The primary purpose of a term sheet is to lay out the initial conditions of the investment, such as:
- Type of stock
- Capital infused
- Pre-money valuation
- Investor rights and preferences
- Other standard investor protection clauses.
The term sheet outlines the principles for ensuring that the investor and your start-up agree on all significant aspects.
Download the Sample VC Term Sheet
The Objectives of a VC Term Sheet
The main objective of putting a term sheet together is to agree on the significant aspects of the deal. That said, each stakeholder seeks different values from a term sheet.
The Investor Perspective
From the VC’s standpoint, the main objectives are:
- Maximize potential financial returns from the investment
- Minimize risk of downside (e.g., Anti-dilution, liquidation preferences)

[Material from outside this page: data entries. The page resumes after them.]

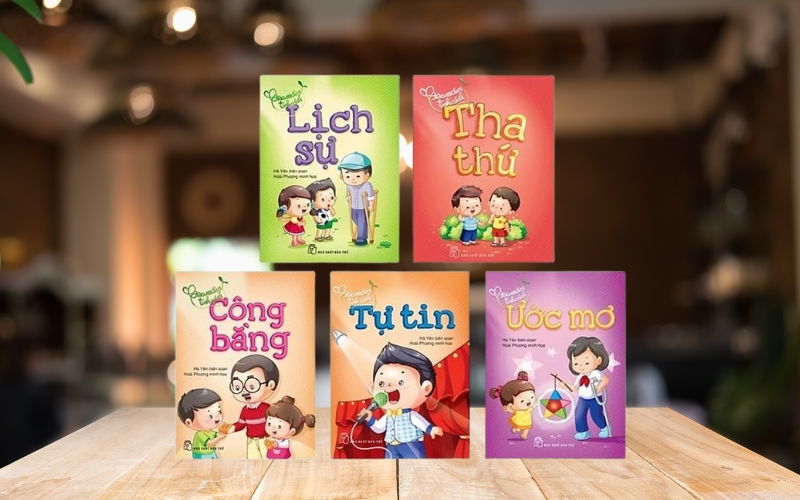 Bộ sách Gieo Mầm Tính Cách thường xoay quanh các chủ đề gần gũi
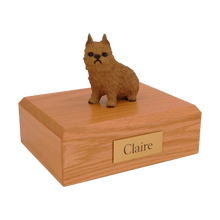 Red Brussels Griffon, Sitting Figurine Pet Cremation Urn - Funeral.com, Inc.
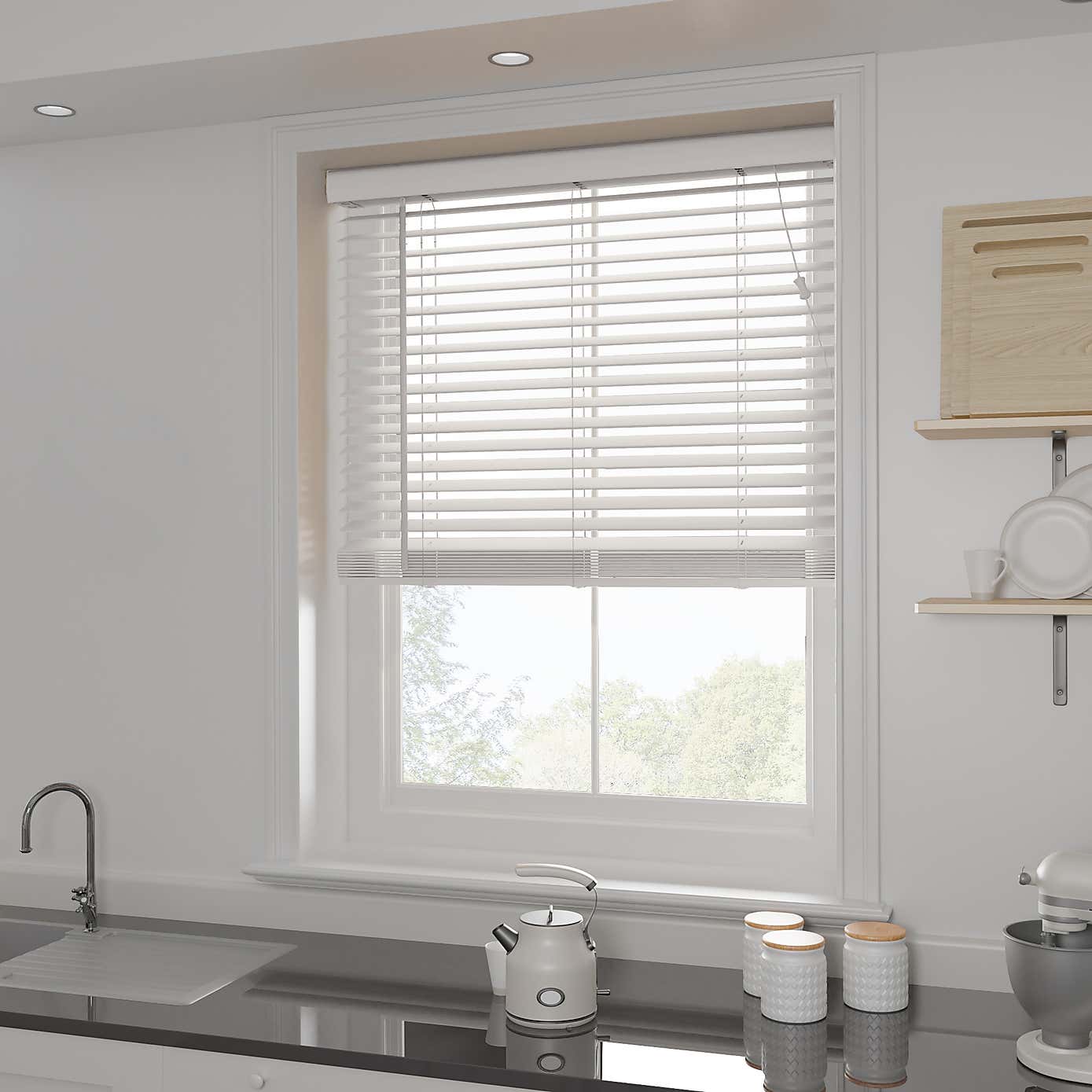 Fauxwood Venetian Blind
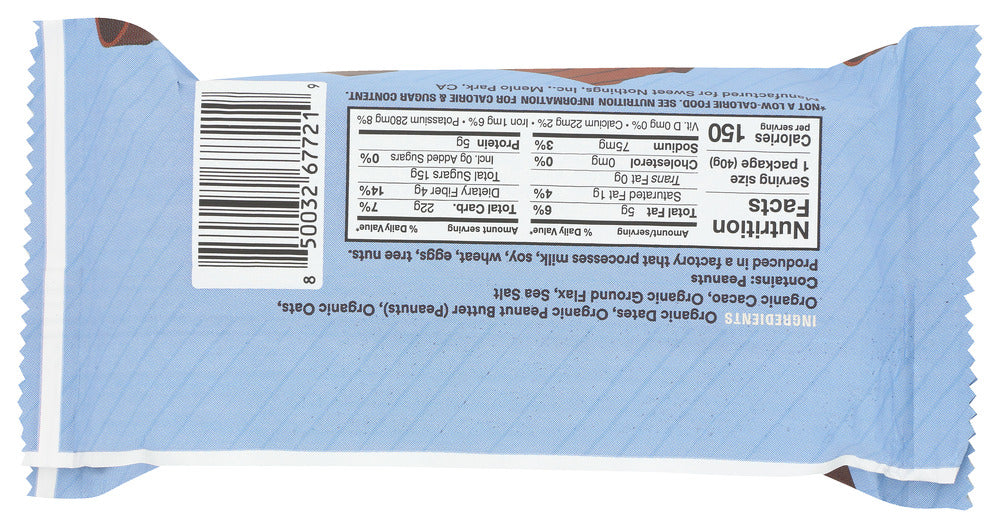 Sweet Nothings: Chocolate And Peanut Butter Bar, 1.4 Oz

- Ensure proper governance and control (e.g., reserved matters that require approval or a board seat)
- Minimum rights (eg, drag along, tag along)
- Clear exit options
Founder Perspective
- Get a fair valuation
- Retain operational and financial control
- Maintain majority stake (at least in the early stages)
- Standards, rights, and preferences
The Process of the VC Term Sheet
The road to obtaining a venture capital term sheet works like a funnel. In the early stages of raising capital, you are more likely to get a ‘No’ than a ‘Yes.’ The usual timeline from the initial pitch to signing the term sheet could be three to six months.

At each stage, VCs do their diligence to determine whether or not to continue. The speed at which investors follow up with you is a good indication of their level of interest in moving toward issuing a term sheet. The speed at which you respond to VC questions during the diligence phase is equally important and potentially affects their interest levels.
One of the founders’ most common questions is how and when to follow up with VCs. Should we follow up till they get a VC term sheet? The answer is pretty simple – follow up till you get a response, but don’t spam them.
Try to look busy, but don’t show that you’re desperate. This will turn off investors and could affect your ability to raise capital.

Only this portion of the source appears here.